Polymorphic Inline Caches explained

Published on 2011-07-24
Tagged: optimization virtual-machines

View All Posts

I'm moving to a new team at work where I'll be optimizing the V8 Javascript JIT compiler for Android. To prepare for this new role, I've been reading a lot of research papers on JIT compilation since I've mainly worked with static, compiled languages in the past. There are some pretty cool things you can accomplish when you're generating native code on the fly. Most of them stem from the fact that you don't have to generate code just once: you can rewrite and recompile code at any time using runtime information.

A particularly clever example of this is the Polymorphic Inline Cache. As presented by Urs Hölzle in Optimizing Dynamically-Typed Object-Oriented Languages With Polymorphic Inline Caches [PDF], PICs are a way to optimize polymorphic function calls in dynamic languages.

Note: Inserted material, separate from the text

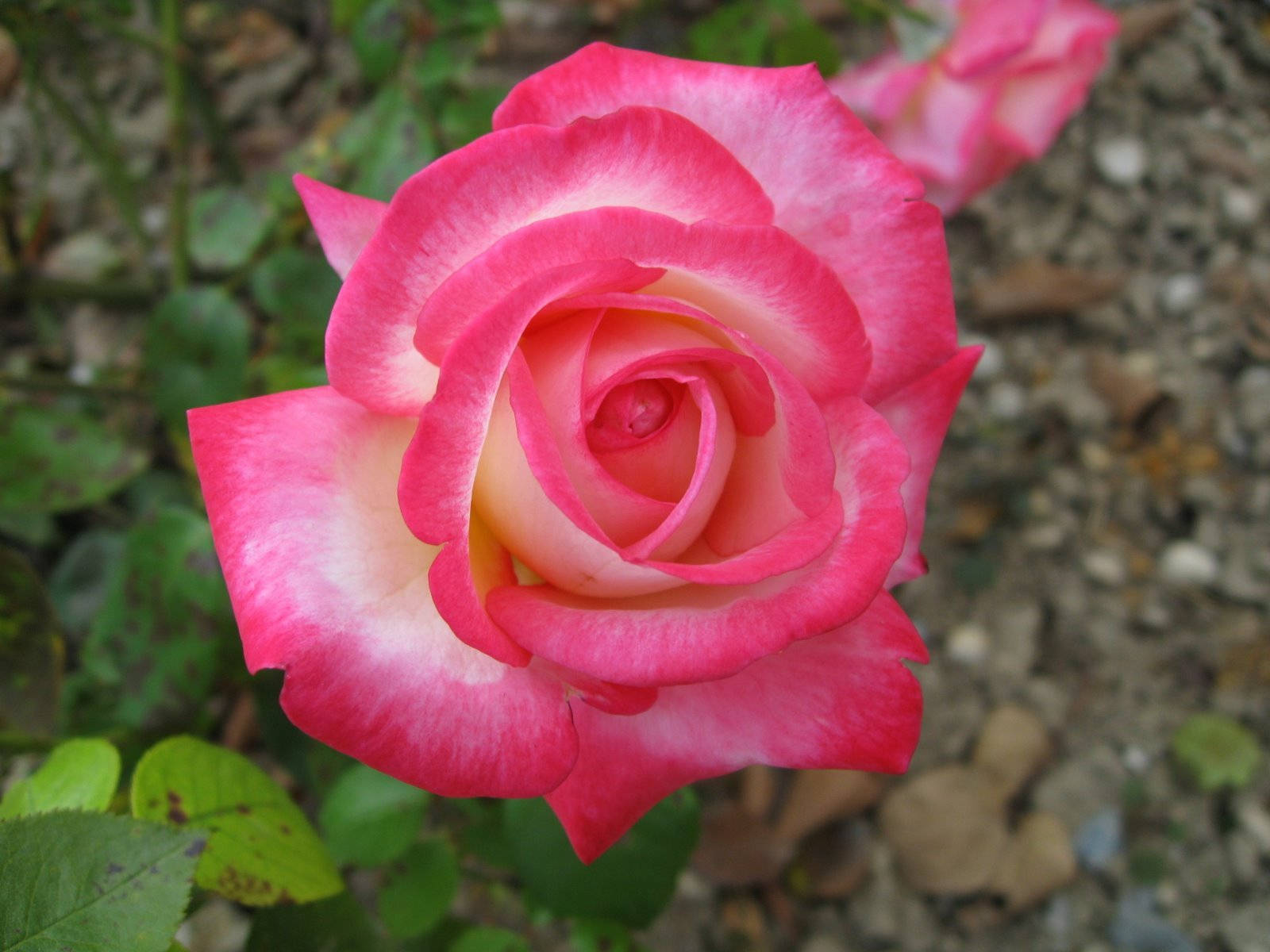 Rose Flower 桌布 壁紙 — 一朵鮮豔的粉紅玫瑰，帶有漸層花瓣，在柔焦的花園背景下綻放，背景有綠葉和礫石。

Let's say we have the following polymorphic function call. How would we compile it normally in a JITed language?

function feed(animal, food) {
  ...
  animal.munch(food);
  ...
}

We don't have any type information about animal, so we can't call the munch method directly. We have to look it up. If we were compiling code in a statically typed language, we would probably do a vtable lookup, which is fairly fast. However, in a dynamically typed language, there may be many classes with a munch method with no inheritance relationship, so it's impossible to know a vtable offset ahead of time. So we are forced to do a hash table lookup and probably a string comparison.

Most call sites actually only deal with one class though. This is called a monomorphic call site. At these sites, we should only have to look up the method only once. Since we can dynamically rewrite JITed code, we can just have the lookup function rewrite the call as a direct call to the target method.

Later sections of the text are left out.